+++ Data for this task +++

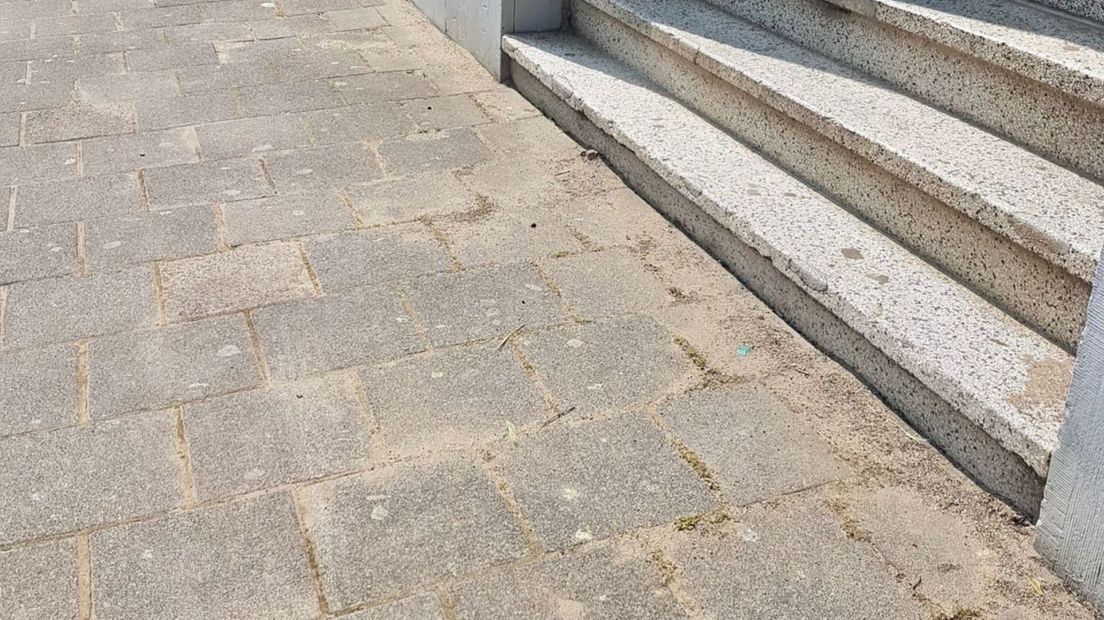 Schoongemaakte straten in de Rivierenbuurt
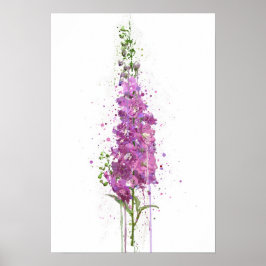 Poster Delphiniums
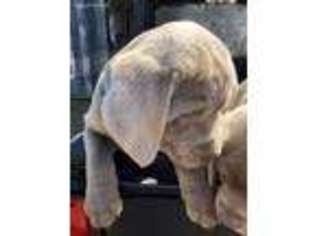 Labrador Retriever Puppy for sale in Lawrenceburg, KY, USA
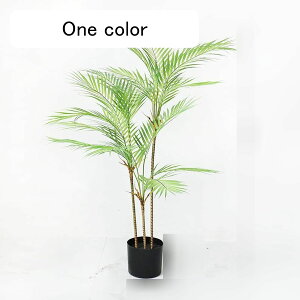 tFCNO[ AJV A lHt ^ lHϗtA { lHA ϗt CeAO[ ͂Ȃ X /O z[K[f p[eB[̌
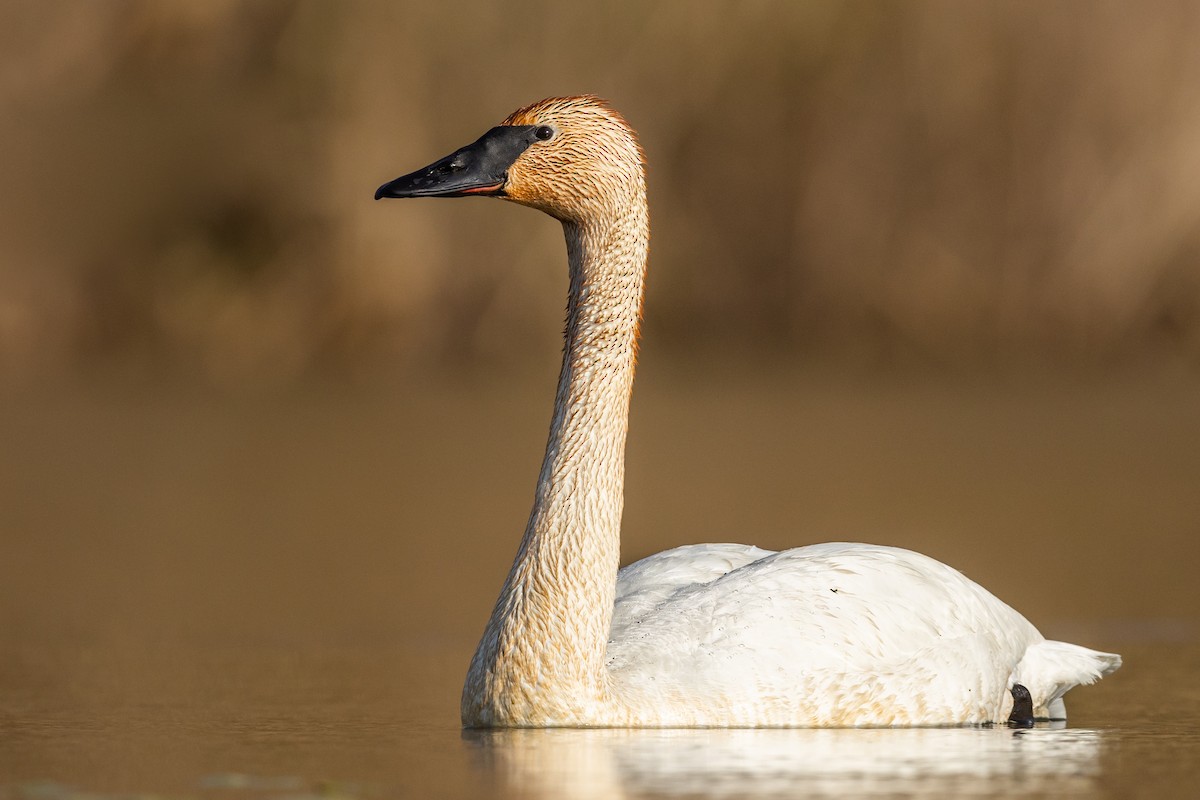 Trumpeter Swan - ML433284631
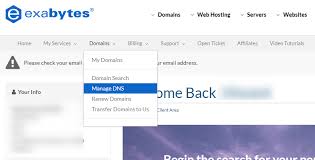 Free Dns Zone Point Domain To Wix Exabytes Com Global Support Portal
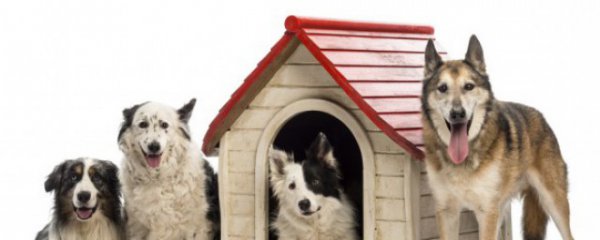 狗狗简单干净的名字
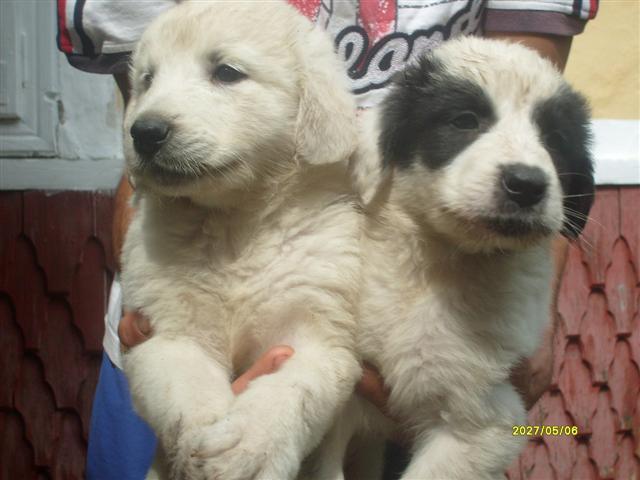 S7300111 (Small)
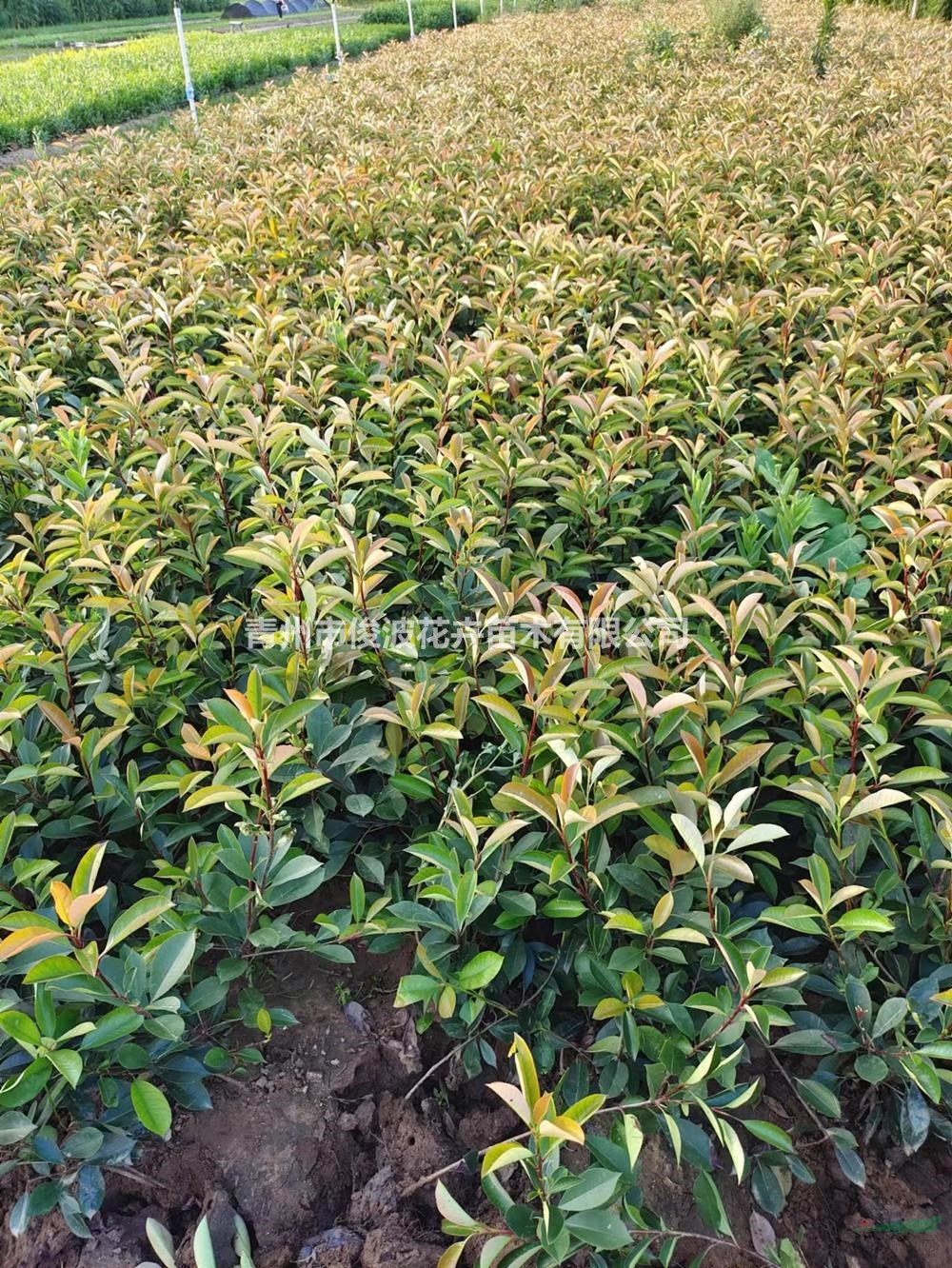 苗圃供應(yīng)紅葉石楠苗 紅葉石楠小苗 紅葉石楠小杯苗 紅葉石楠杯苗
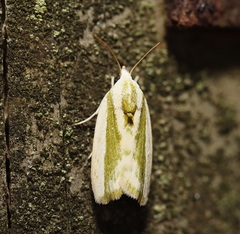 Earias huegeliana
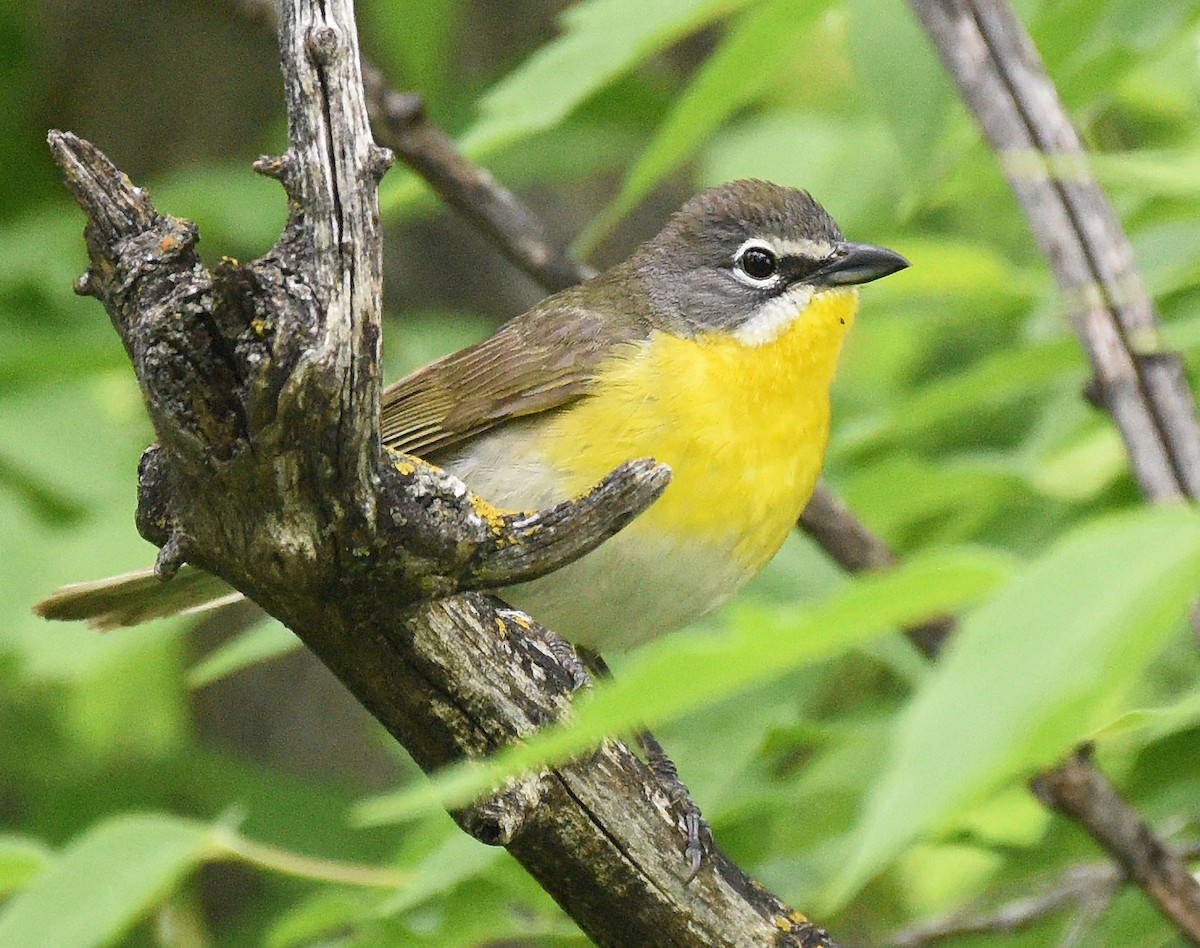 Yellow-breasted Chat - ML620485755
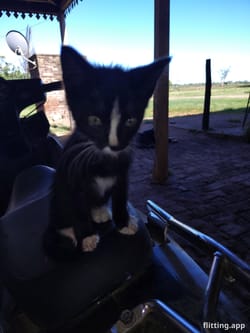 My tiny companion thinks I'm his new owner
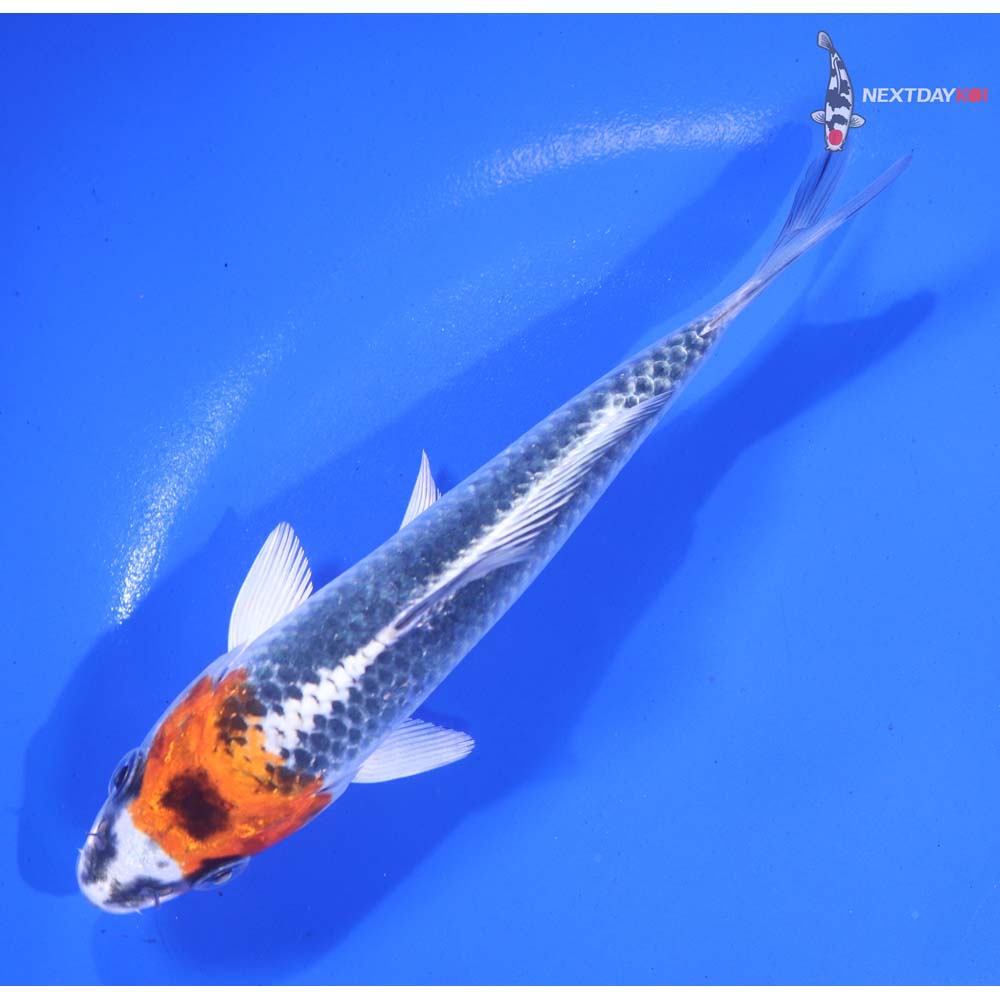 5.5” Imported Kujaku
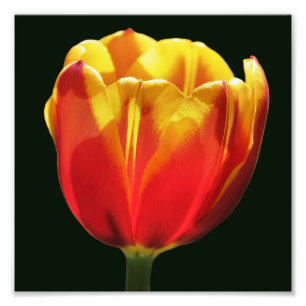 Impression Photo Fierté Orange Jaune Tulipe Fleur Fermer 8x8
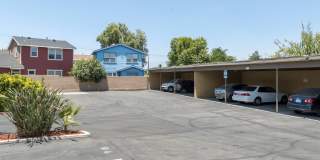 University Palms Gallery 10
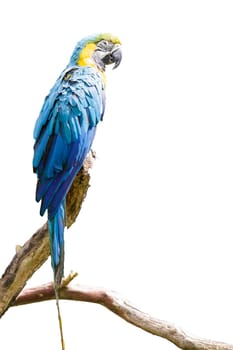 The potrait of Blue & Gold Macaw for adv or others purpose use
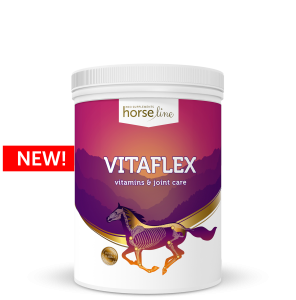 Witaminy z MSM HorseLinePRO "VitaFlex" 2kg 24h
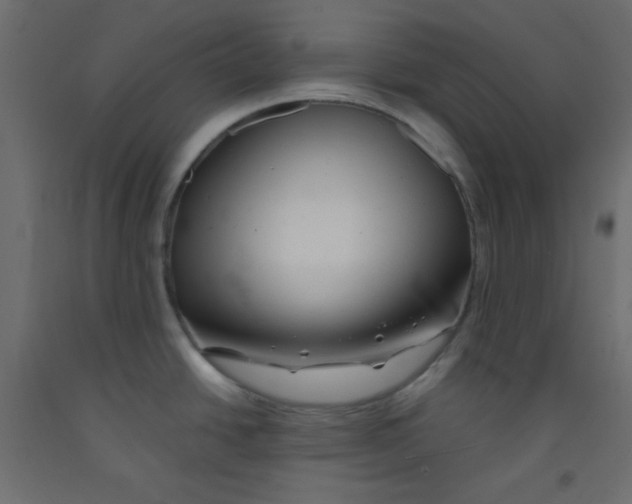 X0000092291438200710121425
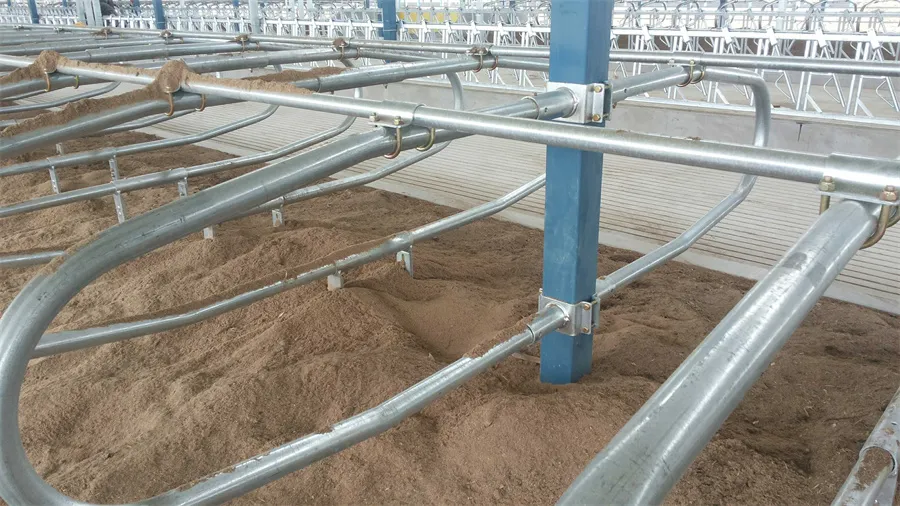 Cattle Lying Bed for Cattle Farming Equipment04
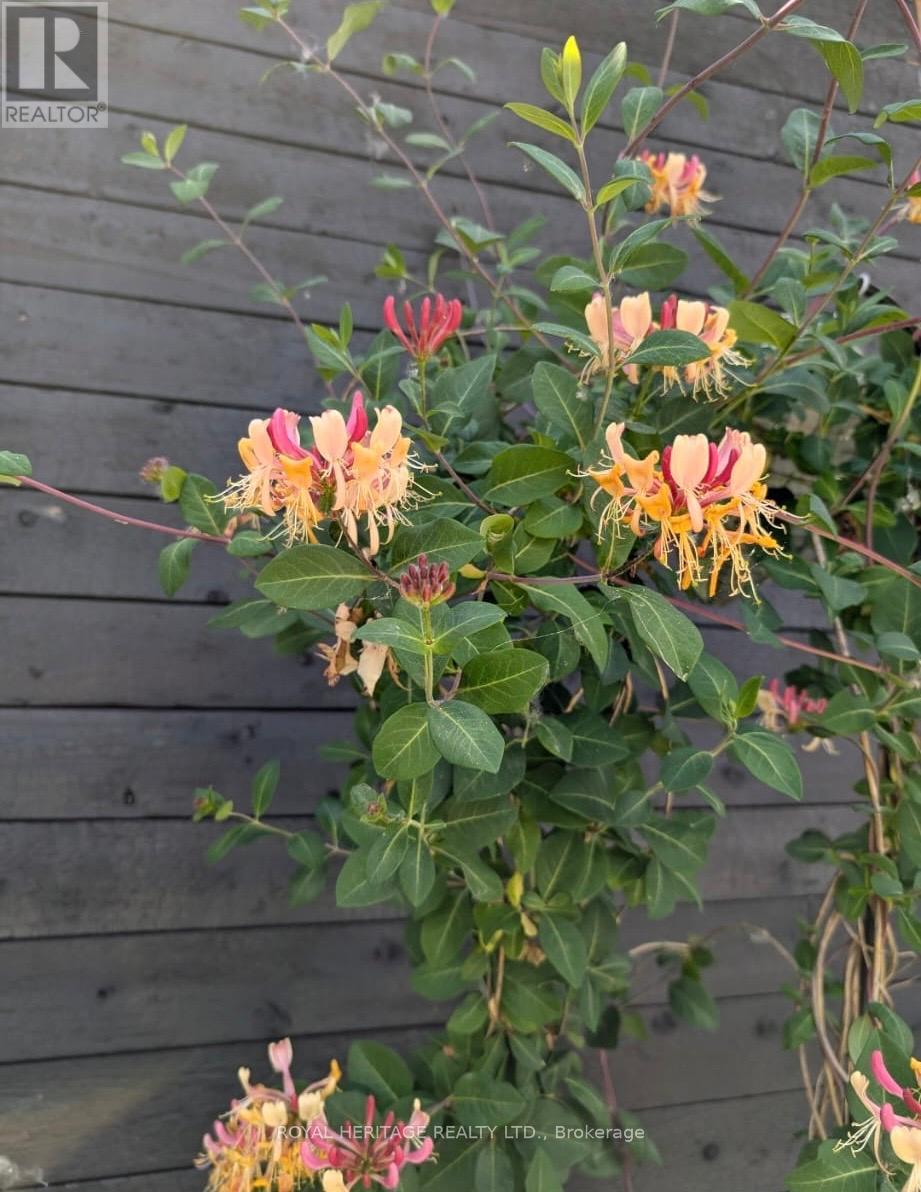 717 Fairview Avenue, Pickering, Ontario  L1W 1M6 - Photo 37 - E12491988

+++

What the task requires: Transcribe all data precisely. Pictures are not copied.

The completed task:
 Schoongemaakte straten in de Rivierenbuurt
 Poster Delphiniums
 Labrador Retriever Puppy for sale in Lawrenceburg, KY, USA
 tFCNO[ AJV A lHt ^ lHϗtA { lHA ϗt CeAO[ ͂Ȃ X /O z[K[f p[eB[̌
 Trumpeter Swan - ML433284631
 Free Dns Zone Point Domain To Wix Exabytes Com Global Support Portal
 狗狗简单干净的名字
 S7300111 (Small)
 苗圃供應(yīng)紅葉石楠苗 紅葉石楠小苗 紅葉石楠小杯苗 紅葉石楠杯苗
 Earias huegeliana
 Yellow-breasted Chat - ML620485755
 My tiny companion thinks I'm his new owner
 5.5” Imported Kujaku
 Impression Photo Fierté Orange Jaune Tulipe Fleur Fermer 8x8
 University Palms Gallery 10
 The potrait of Blue & Gold Macaw for adv or others purpose use
 Witaminy z MSM HorseLinePRO "VitaFlex" 2kg 24h
 X0000092291438200710121425
 Cattle Lying Bed for Cattle Farming Equipment04
 717 Fairview Avenue, Pickering, Ontario  L1W 1M6 - Photo 37 - E12491988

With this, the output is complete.